Fig. 3 shows the R_c indicator computed from annual crop production time series for cropping systems characterized by different return periods of total yield loss (T*_MAX) and different management intensities. In general, the R_c indicator is proportional to T*_MAX and decreases for lower input intensities and for impacts lasting longer than a single growing season, in agreement with common sense understanding of resilience. In all the considered cases, near-linear relationships between R_c and return period of total yield loss (T*_MAX) are found. The departures from linearity, because of the approximation leading to the definition of R_c (Eqs. (5), (6)) for short return periods (i.e. high values of F), are too small to be visible in Fig. 3. The proportionality factor of the relationship decreases in crop production systems with lower management intensity and bearing memory of the climate impact of the previous year. As expected, the R_c indicator computed for the system with a stepwise impact function, corresponding with intensively managed systems (high, blue line) is (almost) identical to T*_MAX. Considering longer recovery times from the impacts exerted by the external forcing (high′) leads to a lower R_C of about 30. For the polynomial impact functions considered, about the same R_c is recorded for intermediate level of management and with no time-propagation effects (mid). In case of high sensitivity to moderate environmental stresses (i.e. linear impact function corresponding with low level of management), R_c is about half the value of the intensively managed agricultural system (high) at the same T*_MAX, and further decreases in case socio-economic impacts are considered as well.

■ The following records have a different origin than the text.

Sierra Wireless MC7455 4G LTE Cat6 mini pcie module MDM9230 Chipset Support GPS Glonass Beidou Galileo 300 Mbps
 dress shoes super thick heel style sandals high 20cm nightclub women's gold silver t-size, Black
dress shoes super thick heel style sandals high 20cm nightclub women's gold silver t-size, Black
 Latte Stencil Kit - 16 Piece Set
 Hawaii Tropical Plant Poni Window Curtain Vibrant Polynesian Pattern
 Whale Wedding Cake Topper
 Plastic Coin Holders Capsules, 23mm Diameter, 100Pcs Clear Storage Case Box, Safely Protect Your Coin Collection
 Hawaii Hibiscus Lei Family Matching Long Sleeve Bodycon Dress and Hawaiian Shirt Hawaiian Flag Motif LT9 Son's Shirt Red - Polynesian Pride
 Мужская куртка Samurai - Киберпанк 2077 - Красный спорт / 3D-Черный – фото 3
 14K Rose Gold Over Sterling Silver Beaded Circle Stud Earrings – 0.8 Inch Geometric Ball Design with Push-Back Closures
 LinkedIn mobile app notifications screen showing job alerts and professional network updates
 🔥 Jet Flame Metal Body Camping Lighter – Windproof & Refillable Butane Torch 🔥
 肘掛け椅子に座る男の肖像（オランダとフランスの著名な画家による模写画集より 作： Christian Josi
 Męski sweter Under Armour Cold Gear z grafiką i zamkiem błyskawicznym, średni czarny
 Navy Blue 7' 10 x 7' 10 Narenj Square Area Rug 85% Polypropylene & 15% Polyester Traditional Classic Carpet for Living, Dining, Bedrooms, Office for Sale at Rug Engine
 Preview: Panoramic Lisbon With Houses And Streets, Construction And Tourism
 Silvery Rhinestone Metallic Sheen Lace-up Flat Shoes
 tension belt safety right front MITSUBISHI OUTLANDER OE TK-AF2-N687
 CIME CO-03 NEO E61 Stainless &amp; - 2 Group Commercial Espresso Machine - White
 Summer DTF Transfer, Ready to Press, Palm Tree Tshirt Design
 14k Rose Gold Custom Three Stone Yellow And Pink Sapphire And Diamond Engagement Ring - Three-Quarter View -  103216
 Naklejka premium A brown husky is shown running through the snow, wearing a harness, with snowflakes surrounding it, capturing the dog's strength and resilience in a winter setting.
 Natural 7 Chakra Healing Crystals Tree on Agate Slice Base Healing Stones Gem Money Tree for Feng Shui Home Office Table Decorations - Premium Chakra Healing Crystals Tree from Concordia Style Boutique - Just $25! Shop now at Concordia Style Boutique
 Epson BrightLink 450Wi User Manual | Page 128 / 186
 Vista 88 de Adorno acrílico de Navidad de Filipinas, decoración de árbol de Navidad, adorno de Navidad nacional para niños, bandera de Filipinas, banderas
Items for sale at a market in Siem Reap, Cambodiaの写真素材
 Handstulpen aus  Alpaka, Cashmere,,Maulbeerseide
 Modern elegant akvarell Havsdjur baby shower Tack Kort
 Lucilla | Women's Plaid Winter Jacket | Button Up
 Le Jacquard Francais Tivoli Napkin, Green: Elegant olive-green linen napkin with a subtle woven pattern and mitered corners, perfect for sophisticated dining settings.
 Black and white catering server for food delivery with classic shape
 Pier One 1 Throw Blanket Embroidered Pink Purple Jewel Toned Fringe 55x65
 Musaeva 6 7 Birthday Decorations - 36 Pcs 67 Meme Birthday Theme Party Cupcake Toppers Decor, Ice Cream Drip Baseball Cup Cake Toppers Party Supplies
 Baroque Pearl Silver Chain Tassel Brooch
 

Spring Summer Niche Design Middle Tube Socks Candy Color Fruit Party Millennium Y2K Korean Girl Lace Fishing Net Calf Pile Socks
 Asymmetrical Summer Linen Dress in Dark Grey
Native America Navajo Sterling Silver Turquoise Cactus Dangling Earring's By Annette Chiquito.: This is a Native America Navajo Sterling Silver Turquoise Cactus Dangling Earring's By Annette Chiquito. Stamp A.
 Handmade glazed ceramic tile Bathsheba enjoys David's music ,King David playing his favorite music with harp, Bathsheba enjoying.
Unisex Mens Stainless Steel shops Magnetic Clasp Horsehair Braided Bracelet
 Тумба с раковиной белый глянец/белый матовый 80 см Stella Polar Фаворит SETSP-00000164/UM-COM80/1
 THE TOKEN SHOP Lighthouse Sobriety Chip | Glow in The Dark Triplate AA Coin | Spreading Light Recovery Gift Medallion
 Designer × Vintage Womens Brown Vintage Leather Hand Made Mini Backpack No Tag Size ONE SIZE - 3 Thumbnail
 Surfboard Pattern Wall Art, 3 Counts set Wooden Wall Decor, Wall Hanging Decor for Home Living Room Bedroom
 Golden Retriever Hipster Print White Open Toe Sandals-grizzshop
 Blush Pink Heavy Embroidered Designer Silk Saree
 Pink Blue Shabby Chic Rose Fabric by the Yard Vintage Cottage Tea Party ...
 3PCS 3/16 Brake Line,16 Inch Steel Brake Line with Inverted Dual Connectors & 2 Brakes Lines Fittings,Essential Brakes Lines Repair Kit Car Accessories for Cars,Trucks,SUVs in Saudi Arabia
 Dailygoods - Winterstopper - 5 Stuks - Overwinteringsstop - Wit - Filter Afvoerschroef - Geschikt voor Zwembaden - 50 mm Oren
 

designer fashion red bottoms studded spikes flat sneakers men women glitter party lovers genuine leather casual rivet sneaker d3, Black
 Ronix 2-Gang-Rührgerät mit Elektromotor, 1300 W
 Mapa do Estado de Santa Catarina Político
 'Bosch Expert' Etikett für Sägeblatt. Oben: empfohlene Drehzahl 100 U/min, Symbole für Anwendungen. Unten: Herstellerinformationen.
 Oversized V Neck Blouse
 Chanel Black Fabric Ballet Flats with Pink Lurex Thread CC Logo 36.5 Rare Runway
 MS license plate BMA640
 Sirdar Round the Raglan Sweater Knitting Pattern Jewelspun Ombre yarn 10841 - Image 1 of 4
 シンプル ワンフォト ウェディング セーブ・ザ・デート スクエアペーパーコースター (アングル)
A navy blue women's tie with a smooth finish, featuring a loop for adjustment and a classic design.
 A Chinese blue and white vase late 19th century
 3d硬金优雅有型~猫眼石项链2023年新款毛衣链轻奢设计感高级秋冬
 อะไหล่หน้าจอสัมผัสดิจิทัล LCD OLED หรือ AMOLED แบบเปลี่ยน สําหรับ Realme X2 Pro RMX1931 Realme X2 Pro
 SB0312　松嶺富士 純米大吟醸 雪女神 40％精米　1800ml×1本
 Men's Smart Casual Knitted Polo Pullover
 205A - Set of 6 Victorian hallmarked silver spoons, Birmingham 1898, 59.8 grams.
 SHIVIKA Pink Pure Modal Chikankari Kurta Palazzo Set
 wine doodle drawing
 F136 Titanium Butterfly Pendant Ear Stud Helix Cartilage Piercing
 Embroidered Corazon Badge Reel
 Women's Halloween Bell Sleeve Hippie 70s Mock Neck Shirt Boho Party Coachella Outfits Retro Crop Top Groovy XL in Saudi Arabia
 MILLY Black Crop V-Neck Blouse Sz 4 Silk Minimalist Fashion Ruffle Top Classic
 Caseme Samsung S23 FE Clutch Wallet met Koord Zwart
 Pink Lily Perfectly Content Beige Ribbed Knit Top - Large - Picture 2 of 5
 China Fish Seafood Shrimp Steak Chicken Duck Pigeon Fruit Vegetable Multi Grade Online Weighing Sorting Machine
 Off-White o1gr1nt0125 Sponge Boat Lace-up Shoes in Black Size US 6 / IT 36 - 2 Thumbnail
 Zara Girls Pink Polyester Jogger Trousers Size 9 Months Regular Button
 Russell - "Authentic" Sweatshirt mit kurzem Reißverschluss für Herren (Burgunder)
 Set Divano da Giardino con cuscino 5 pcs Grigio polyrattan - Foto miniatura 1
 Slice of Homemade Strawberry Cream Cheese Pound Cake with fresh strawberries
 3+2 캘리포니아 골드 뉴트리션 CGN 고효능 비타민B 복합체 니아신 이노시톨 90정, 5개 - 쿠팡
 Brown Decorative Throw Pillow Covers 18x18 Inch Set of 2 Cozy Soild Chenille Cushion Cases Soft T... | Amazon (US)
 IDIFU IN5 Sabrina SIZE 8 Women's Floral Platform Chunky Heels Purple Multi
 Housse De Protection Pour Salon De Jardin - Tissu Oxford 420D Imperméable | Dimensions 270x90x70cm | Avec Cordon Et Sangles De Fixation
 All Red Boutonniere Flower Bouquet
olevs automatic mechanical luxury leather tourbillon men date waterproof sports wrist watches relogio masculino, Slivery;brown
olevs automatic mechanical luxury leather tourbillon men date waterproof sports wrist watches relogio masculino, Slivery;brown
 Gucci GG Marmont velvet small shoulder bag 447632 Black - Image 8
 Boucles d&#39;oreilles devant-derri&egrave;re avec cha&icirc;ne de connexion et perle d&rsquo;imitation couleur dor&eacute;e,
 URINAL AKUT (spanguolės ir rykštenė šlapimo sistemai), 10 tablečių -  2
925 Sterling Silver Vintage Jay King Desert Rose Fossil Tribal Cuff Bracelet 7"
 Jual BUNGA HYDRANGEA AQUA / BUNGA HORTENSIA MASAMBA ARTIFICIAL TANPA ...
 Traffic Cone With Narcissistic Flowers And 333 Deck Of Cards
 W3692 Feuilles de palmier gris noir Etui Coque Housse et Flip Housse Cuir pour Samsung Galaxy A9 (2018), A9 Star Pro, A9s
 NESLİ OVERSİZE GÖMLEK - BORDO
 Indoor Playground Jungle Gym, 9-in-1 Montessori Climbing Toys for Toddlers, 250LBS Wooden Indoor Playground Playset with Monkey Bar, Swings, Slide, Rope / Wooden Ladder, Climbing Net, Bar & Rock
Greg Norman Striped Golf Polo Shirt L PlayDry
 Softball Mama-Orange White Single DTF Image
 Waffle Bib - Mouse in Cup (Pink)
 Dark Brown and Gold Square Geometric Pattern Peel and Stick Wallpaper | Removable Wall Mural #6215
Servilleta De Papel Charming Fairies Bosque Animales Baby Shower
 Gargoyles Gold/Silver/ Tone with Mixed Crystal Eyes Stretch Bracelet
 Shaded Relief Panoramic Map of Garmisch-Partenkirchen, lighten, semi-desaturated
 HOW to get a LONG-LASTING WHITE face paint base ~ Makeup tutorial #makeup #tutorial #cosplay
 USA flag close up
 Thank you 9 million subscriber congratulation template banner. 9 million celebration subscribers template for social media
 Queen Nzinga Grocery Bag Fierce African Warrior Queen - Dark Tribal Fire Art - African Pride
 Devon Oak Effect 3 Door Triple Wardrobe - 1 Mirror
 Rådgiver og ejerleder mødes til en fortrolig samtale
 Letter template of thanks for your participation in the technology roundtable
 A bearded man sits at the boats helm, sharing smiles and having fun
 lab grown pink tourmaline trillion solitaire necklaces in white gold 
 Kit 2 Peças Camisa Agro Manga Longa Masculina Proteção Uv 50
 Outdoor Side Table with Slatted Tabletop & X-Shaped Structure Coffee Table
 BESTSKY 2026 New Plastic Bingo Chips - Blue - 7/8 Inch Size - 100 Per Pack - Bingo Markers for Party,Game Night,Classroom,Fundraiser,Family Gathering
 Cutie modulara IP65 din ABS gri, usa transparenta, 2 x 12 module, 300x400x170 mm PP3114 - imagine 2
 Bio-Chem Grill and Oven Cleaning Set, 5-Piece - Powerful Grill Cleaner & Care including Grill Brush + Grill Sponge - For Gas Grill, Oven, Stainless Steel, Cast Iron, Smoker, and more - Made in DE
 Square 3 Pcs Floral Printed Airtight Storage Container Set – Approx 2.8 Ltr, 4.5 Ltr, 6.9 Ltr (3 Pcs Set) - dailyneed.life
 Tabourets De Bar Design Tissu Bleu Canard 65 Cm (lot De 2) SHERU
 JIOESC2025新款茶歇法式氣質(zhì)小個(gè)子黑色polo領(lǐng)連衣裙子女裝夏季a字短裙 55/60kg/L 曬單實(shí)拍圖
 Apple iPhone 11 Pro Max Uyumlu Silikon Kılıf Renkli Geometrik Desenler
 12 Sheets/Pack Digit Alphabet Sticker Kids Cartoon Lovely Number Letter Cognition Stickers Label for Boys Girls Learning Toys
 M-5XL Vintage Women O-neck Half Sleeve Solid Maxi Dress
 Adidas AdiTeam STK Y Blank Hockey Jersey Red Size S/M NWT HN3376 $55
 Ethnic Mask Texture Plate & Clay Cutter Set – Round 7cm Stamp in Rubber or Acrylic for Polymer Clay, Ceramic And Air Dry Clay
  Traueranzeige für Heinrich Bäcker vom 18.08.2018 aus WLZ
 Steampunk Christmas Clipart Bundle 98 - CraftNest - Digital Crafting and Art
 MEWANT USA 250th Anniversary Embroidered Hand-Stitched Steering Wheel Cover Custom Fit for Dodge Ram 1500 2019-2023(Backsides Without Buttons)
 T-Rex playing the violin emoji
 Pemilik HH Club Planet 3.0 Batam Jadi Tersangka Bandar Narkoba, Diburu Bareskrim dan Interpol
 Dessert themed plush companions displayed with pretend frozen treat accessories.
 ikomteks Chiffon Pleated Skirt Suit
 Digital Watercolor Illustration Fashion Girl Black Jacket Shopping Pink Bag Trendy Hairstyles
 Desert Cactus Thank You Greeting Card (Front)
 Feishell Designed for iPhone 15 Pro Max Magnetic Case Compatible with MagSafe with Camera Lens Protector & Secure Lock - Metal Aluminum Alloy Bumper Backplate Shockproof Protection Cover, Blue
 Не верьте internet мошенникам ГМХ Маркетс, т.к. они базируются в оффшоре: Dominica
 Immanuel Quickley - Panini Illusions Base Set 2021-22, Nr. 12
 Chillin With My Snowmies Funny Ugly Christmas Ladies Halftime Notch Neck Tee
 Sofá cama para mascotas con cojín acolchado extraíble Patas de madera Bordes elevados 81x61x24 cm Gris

In this simplified framework, the effects of climate change and of the form of adaptation to climate change consisting of increasing input intensity can be easily understood as shifting the crop production system, in the resilience space represented in Fig. 3, along the directions represented by the grey and green arrows, respectively. In absolute terms, the resilience of crop production systems with low input intensity is less affected by changes in the frequency of extreme events compared to the more developed systems because the production variability is largely determined by the impacts of smaller perturbations from the optimal climate conditions. In absolute terms, the impacts of climate change on crop production resilience will be easier to detect in more intensive cropping systems. However, the relative effects are the same.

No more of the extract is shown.